The Dig-Pink Girls’ Volleyball Tournament hosted by Oakton High School on Oct. 1 combined inspiration and passion to create a meaningful experience for competitors. Attended by three times the normal amount of fans, all decked out in various shades of pink or the traditional "Dig Pink" shirt sold at the door, the Breast-Cancer Awareness event seemed to be a much bigger event that most any other match.
"There’s a reason for us to be here. There’s a reason for people to come and support us. We want to win this, even more because of what it means, but because it’s for a good cause, no one is really going to forget about it easily," said Marcela Hawkins, a freshman team captain for Oakton.
Inspired by Hawkins, the Oakton Lady Cougars won all three of their matches against the Centreville Wildcats, but to each team — freshmen, junior varsity and varsity — what really mattered was what they were all playing for the potential to save lives.
BREAST-CANCER AWARENESS has seen many advocates, but none quite like high school volleyball coach Rick Dunetz, who founded the Side-Out Foundation to sponsor the first breast-cancer-awareness-volleyball-tournament. Now coaching the Freshmen Girls’ Volleyball Team at Oakton, Dunetz started the program to raise money in the fight against breast cancer because of the effect both volleyball and cancer have had on his own life.
Gloria Dunetz, his mother, having survived cancer once, was notified a couple years ago of the recurrence of her breast cancer during the same period when Rick Dunetz had been promoted to head coach at West Springfield. His coaching and his anxiety for his mother were a difficult dose to take during this time, and when he finally confided in his team, they took his story to heart and made it into one of their own — an account of overcoming and true success.
When the team pulled together and began winning so often that they were able to snag their first ever District Championship title, his mother, who was always inspired by watching his team play, began to recover and fight the cancer. Between the West Springfield team and Rick Dunetz’s endurance, his foundation emerged as an idea to pass on the story of triumph to others in need.
The girls recounted how a story like Rick Dunetz’s is a "true inspiration." On his original West Springfield team, a team captain spoke for the Side-Out Foundation on how "seeing that he was giving it everything he had made us think we had to do the same. It gave us the will to win."

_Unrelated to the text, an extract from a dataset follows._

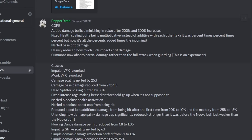The main thing about this balancing patch is that they nerfed buffs overall, and if you try to min-max buffs, you'll get diminishing returns, which means it gets pointless to stack damage buffs after 300% approximately.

The statistics are proof of the internalized emotion that follows an event like this. At Oakton’s Dig Pink event, Christine Tran, a senior on the Varsity Team, knew she had to win. "It wasn’t an option," she said. "This was our most intense game yet. It was a happy event when we tied it up in those last few points." Ninety percent of teams who host a Dig Pink match have been recorded to win it. The Side-Out Foundation, who sponsors these matches, hopes to raise $1 million to fund research, care and education about breast cancer. They covered a lot of ground with the $2,000 they raised at Oakton’s tournament.
"It gives us unity, a common purpose and goal, and we’re pumped up to play our hardest, because there’s a good reason for us to do that," Tran said, smiling.
That was a sentiment echoed by Kaylee Homyk and Kayla Gaughan, both freshmen captains at Oakton who professed how this particular match was an event the whole team had worked towards with intensity and played doubly as carefully as usual.
DUNETZ was well-rewarded for all the time and effort he put into his team and into the match. As people oohed-and-ahhed over the hot pink banners, the enthusiastic varsity cheer performance between games, the theme-designated baked goods and Rick Dunetz-designed Dig Pink T-shirts outside the gymnasium, the coach was receiving comments and commendations even as he was shouting instructions and running up the sidelines. To top off his night, he received win after win on the court, which he took with no small pleasure, jumping up and down when they scored and at the end of the game, racing down the court to gather the team together.
That’s what he was best at. With all his emotion and dedication, he was pulling the Oakton team together — to play it’s hardest and to always have a reason for doing so.